Konstantinos Pappis’s review published on Letterboxd:
“Everyone has their own truth, and life just does whatever the fuck it wants.” This is one of the last lines in director Craig Gillespie and writer Steven Rogers’s biopic about U.S. figure skater Tonya Harding (Margot Robbie) and her connection to the 1994 attack on her opponent Nancy Kerrigan, and the first part of that quote perfectly summarizes the film’s approach. Using a series of mockumentary-style interviews – based on real interviews conducted by Rogers himself – as a framing device, the film is less interested in telling the story of Tonya Harding than it is in telling Tonya Harding’s story from multiple perspectives, and most importantly her own. This unapologetic expression of subjectivity as more artistically interesting than some non-existent truth has become a fashionable and appealing trend in modern filmmaking – just look at Ken Loach’s similarly titled I, Daniel Blake, another recent, albeit fictional and much more serious, exploration of working-class frustration – and here it is both playfully executed and fascinating. In adopting this individualized approach, I, Tonya can be seen as part of the growing genre of unconventional biopics which, much like Pablo Larrain’s 2017 biographical drama Jackie, are concerned with dismantling rather than upholding one’s public image.
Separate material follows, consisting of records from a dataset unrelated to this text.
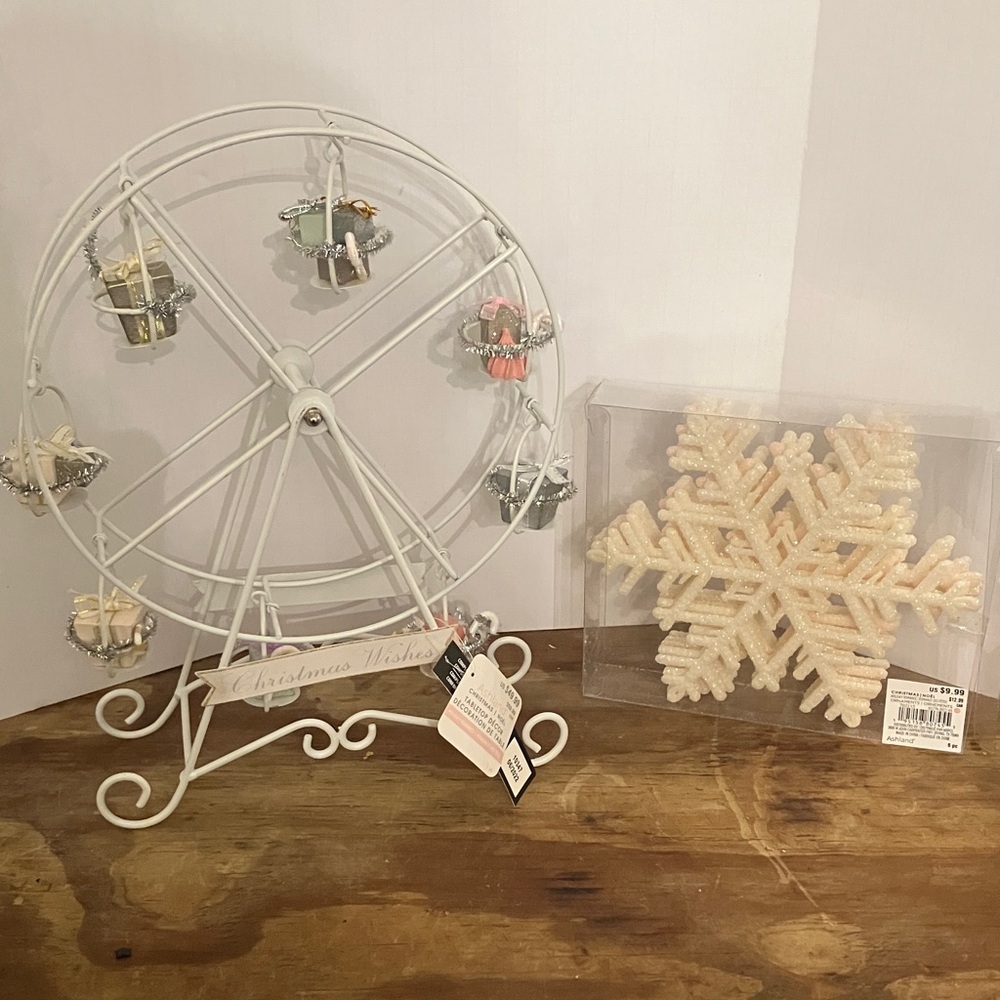 Ashland White Ferris Wheel with Snowflake Decor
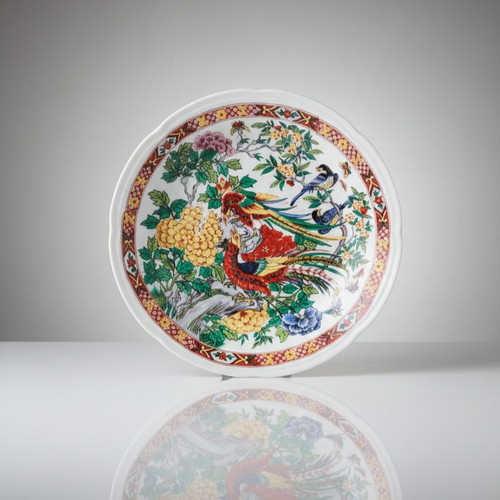 Vintage decorative plate Asian style Titov Veles like new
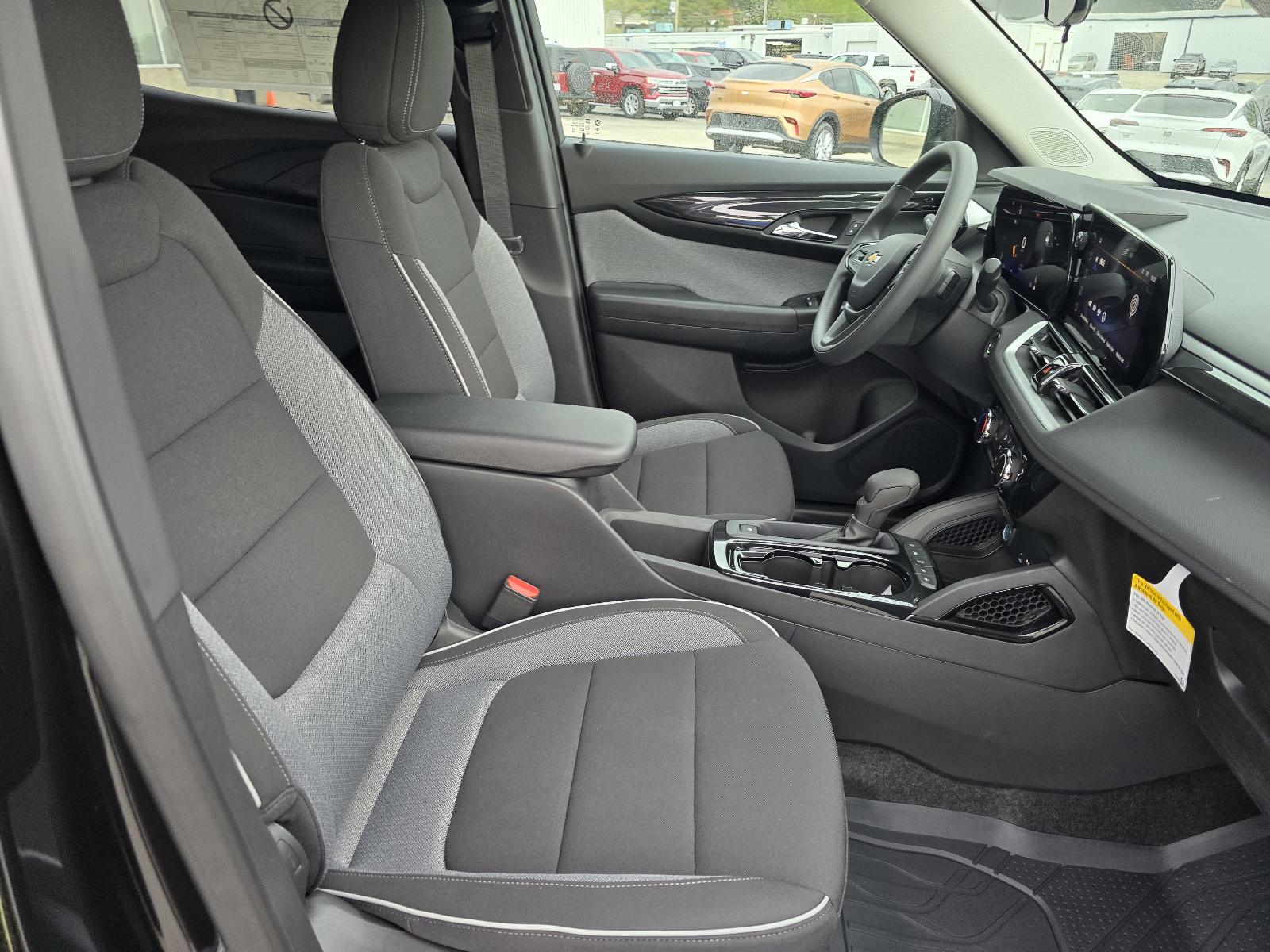 2025 Chevrolet Trailblazer Vehicle Photo in Rolla, MO 65401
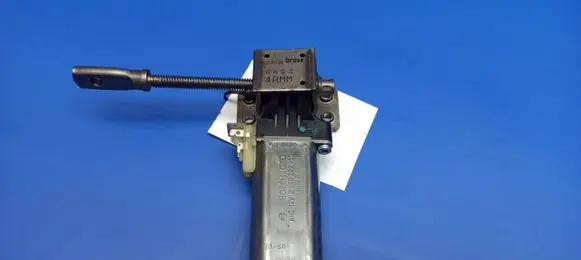 Mercedes-Benz S W221 Seat adjustment motor 0390203255 907392100 905310103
Except, perhaps, that it also intends to be enjoyable and funny, while still reaching for and often achieving surprising emotional resonance.
I, Tonya is a painfully bitter but sympathetic redemption story that prioritizes pathos over sensationalism and compels us not to necessarily believe a certain – or even Harding’s – truth, but to at least remember her for the history-making achievements that have been forgotten.